# FreeBSD boot up failure



## hrsahu (Jan 15, 2013)

Hi All,
I am facing a boot up issue for FreeBSD.
Background  -
> There was no other operating system
> I used 100GB of space for FreeBSD 8.2 installation  from 160 GB Hard disc space.
> It was booting properly and FreeBSD was working properly.
> But after installing Windows XP in the remaining 60 GB of the space, FreeBSD stopped working.
> I did not able to use a FreeBSD and XP and two different boot up.
> But I didn't touch FreeBSD partition while installing Windows XP.

Now I am not able to boot from FreeBSD. 
Could you please guide me how to repair this boot issue?

I tried to fix boot issue using FreeBSD 8.2 Live CD, but I could not do it properly.

Please help me on this.

Thanks a lot in advance


----------



## SirDice (Jan 15, 2013)

Why did you install 8.2? It's end-of-life and should not be used.

I think the easiest to fix would be to install EasyBCD. That will use the Windows bootselector.


----------



## hrsahu (Jan 15, 2013)

Hi ,
Thanks a lot for this reply.
I found this EasyBCD is a paid one.
Could you please suggest me any other way to get the 8.2 FreeBSD?

Regards


----------



## SirDice (Jan 15, 2013)

They should also have a free version. I've used it before to dual boot Windows 7 and FreeBSD.

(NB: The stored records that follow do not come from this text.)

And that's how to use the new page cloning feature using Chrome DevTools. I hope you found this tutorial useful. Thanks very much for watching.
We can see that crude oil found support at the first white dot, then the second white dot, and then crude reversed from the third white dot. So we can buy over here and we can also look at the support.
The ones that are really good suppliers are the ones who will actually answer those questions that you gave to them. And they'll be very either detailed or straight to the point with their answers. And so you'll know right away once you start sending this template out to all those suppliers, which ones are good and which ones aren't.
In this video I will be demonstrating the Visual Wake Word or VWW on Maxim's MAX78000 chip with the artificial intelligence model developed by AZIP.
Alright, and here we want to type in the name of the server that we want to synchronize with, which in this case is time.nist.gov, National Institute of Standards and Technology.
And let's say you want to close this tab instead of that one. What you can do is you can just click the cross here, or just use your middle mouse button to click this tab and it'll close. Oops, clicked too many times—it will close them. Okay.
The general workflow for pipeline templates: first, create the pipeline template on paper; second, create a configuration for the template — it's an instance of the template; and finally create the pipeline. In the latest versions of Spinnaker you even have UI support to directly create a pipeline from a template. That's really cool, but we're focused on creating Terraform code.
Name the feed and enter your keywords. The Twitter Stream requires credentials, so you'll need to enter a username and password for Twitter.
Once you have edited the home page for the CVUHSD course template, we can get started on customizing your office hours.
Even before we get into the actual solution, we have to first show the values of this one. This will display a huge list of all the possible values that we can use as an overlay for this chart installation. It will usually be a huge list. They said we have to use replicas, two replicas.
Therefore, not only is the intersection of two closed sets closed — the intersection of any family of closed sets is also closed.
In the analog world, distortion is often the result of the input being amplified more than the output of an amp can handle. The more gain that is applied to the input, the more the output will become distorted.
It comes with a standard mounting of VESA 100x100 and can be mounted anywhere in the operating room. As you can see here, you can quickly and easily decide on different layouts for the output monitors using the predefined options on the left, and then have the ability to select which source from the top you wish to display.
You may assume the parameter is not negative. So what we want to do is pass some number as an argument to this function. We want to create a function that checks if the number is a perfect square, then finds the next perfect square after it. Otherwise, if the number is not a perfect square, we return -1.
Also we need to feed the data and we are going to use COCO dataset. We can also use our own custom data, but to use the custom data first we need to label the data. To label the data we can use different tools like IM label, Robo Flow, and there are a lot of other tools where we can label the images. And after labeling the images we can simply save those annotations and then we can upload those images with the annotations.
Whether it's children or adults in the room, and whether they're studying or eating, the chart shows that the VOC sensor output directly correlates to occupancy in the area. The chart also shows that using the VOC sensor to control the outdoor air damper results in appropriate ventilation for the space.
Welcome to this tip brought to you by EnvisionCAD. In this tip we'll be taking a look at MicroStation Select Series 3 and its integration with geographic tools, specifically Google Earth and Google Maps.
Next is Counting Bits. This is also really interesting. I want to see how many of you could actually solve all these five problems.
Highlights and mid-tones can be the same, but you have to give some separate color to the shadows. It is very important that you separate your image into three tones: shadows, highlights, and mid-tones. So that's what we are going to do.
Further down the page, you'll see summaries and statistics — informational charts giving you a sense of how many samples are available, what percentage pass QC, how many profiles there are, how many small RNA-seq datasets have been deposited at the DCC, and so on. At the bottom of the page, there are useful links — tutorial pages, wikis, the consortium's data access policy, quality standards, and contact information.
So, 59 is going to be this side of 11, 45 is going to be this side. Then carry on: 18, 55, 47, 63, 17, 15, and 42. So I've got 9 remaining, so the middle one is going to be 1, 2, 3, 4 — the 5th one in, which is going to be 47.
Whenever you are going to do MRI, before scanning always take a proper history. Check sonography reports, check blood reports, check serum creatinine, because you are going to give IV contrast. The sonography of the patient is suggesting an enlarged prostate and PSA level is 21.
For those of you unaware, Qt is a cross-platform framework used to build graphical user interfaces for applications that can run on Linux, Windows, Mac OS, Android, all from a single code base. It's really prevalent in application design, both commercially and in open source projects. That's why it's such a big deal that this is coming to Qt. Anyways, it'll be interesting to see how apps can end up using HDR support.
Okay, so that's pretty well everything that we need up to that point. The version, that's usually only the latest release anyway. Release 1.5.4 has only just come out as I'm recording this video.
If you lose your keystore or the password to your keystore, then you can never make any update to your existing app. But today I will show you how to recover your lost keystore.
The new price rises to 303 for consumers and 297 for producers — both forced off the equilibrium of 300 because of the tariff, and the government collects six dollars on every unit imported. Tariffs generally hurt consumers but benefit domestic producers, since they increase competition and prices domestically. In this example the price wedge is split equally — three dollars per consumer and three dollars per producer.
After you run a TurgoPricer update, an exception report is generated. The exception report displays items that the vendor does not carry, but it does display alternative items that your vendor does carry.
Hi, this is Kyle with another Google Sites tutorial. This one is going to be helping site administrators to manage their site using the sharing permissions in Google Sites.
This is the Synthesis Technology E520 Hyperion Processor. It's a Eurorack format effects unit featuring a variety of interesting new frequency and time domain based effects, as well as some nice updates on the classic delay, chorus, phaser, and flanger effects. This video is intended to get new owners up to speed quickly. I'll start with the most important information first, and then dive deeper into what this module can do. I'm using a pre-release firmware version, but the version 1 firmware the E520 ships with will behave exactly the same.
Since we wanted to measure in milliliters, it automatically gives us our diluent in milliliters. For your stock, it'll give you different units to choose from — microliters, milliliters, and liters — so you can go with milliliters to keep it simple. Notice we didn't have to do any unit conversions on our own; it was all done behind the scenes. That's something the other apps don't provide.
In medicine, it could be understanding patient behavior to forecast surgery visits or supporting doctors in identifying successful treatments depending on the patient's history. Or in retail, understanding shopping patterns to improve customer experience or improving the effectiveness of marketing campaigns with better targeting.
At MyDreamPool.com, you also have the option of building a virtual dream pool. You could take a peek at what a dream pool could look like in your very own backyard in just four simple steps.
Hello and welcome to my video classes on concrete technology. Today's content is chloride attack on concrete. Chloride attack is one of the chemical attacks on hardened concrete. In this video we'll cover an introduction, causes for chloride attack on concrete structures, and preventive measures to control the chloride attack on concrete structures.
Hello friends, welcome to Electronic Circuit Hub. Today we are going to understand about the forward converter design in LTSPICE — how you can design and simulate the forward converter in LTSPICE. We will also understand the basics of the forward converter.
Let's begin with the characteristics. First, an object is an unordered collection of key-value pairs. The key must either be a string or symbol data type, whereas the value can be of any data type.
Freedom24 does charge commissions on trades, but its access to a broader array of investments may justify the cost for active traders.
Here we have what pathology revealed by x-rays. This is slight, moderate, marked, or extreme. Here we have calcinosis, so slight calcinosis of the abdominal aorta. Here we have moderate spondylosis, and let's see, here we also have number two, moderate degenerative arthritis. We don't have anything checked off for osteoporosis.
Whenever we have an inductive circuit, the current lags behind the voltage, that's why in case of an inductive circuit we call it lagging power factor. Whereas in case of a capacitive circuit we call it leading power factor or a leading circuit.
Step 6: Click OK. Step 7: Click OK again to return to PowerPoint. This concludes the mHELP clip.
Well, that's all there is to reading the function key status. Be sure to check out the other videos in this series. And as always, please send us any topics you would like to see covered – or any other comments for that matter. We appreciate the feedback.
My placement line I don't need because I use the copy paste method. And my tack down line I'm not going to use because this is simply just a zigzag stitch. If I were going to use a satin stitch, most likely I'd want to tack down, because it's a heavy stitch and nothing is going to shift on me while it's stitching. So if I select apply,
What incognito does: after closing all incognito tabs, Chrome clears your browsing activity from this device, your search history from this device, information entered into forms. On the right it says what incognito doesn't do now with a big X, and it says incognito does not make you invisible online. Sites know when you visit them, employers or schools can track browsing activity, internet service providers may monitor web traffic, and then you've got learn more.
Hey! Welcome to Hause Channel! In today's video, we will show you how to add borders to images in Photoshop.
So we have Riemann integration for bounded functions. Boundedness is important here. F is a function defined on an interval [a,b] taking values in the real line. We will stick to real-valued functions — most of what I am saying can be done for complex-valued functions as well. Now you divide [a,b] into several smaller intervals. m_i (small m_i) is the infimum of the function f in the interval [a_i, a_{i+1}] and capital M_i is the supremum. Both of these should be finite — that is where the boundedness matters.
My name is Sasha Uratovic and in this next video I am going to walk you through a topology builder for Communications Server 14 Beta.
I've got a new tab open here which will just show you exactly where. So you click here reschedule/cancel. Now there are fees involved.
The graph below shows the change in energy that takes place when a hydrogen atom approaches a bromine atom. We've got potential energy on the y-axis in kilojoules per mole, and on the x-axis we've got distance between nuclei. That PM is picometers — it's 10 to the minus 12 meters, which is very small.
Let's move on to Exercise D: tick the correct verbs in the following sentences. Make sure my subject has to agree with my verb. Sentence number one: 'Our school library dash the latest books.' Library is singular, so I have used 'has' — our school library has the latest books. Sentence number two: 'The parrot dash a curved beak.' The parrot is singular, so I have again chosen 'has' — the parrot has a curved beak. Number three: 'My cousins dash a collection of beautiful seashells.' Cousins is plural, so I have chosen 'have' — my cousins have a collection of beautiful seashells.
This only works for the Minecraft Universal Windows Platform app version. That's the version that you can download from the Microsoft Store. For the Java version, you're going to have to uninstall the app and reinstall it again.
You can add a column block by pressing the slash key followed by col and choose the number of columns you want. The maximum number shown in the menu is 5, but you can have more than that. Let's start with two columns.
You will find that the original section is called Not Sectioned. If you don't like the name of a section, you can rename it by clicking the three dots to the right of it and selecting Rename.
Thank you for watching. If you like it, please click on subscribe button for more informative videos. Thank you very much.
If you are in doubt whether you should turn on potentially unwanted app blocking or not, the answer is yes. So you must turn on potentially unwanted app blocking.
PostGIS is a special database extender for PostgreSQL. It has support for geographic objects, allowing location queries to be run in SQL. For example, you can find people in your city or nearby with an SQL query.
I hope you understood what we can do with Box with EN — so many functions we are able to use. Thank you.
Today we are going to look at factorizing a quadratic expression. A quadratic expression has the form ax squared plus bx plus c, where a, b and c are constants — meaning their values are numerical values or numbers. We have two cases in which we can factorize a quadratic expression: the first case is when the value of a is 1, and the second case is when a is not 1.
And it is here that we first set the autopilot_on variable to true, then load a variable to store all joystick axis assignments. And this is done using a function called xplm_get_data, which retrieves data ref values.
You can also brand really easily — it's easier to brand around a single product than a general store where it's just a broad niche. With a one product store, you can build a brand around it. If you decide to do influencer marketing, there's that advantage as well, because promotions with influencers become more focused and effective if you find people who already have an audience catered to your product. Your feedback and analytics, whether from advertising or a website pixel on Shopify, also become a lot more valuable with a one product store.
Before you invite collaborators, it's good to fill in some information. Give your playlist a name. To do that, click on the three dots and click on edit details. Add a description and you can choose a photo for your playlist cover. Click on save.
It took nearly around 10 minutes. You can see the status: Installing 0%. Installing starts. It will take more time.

Another option is to boot the FreeBSD install again and choose the Live or Fixit option. I'm assuming you used the 'traditional' MBR partitioning. 

`# boot0cfg -B ad0`
(That assumes your disk is ad0)

See boot0cfg(8) for more info.


----------



## hrsahu (Jan 15, 2013)

Thanks a lot for your help.
It worked for me.


----------



## wblock@ (Jan 15, 2013)

EasyBCD is free "for personal, non-commercial use".  Go to http://neosmart.net/EasyBCD/.  At the bottom of the page is a Non-Commercial box with a Register button.  Click that.


----------